- [Data]
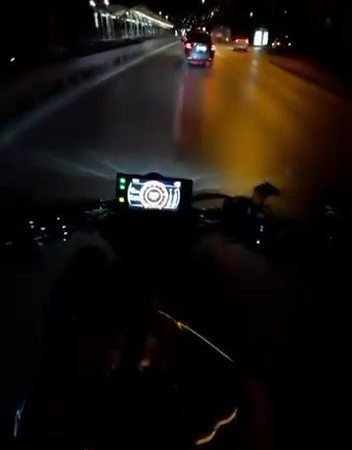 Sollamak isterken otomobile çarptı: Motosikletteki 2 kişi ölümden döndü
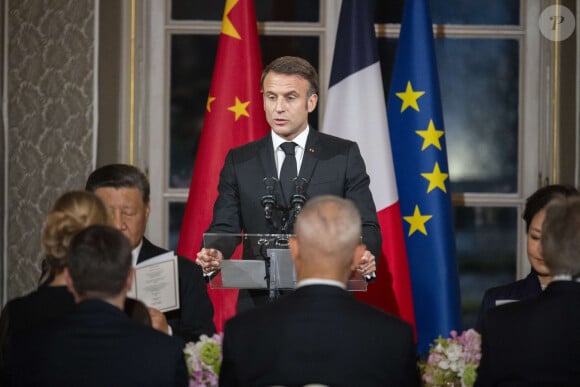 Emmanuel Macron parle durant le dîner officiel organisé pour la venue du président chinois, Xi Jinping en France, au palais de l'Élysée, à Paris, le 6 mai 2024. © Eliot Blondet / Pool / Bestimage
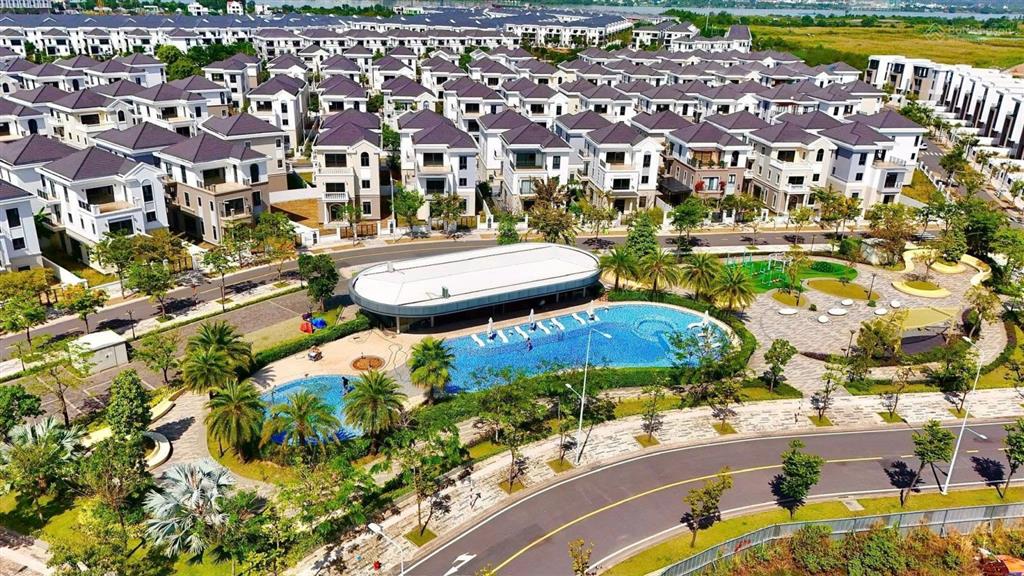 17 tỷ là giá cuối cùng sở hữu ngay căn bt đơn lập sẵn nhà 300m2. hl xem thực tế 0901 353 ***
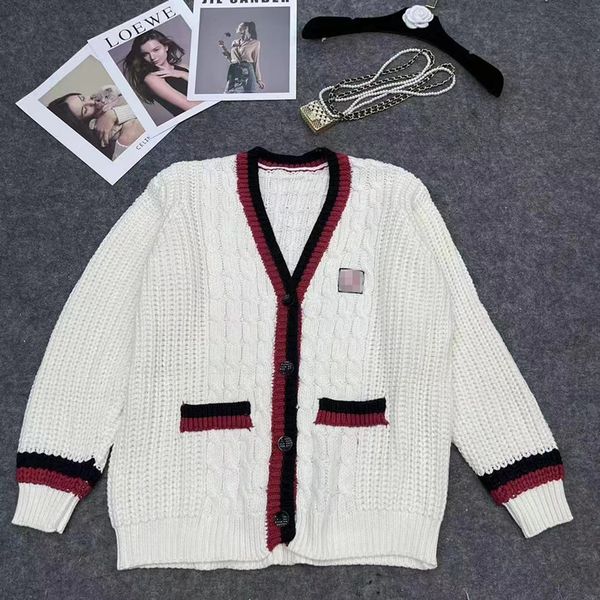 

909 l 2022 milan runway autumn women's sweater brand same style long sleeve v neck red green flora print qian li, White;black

- [Task item]
Repeat the data exactly, dropping every picture it holds.

- [Answer space]
 Sollamak isterken otomobile çarptı: Motosikletteki 2 kişi ölümden döndü
 Emmanuel Macron parle durant le dîner officiel organisé pour la venue du président chinois, Xi Jinping en France, au palais de l'Élysée, à Paris, le 6 mai 2024. © Eliot Blondet / Pool / Bestimage
 17 tỷ là giá cuối cùng sở hữu ngay căn bt đơn lập sẵn nhà 300m2. hl xem thực tế 0901 353 ***

909 l 2022 milan runway autumn women's sweater brand same style long sleeve v neck red green flora print qian li, White;black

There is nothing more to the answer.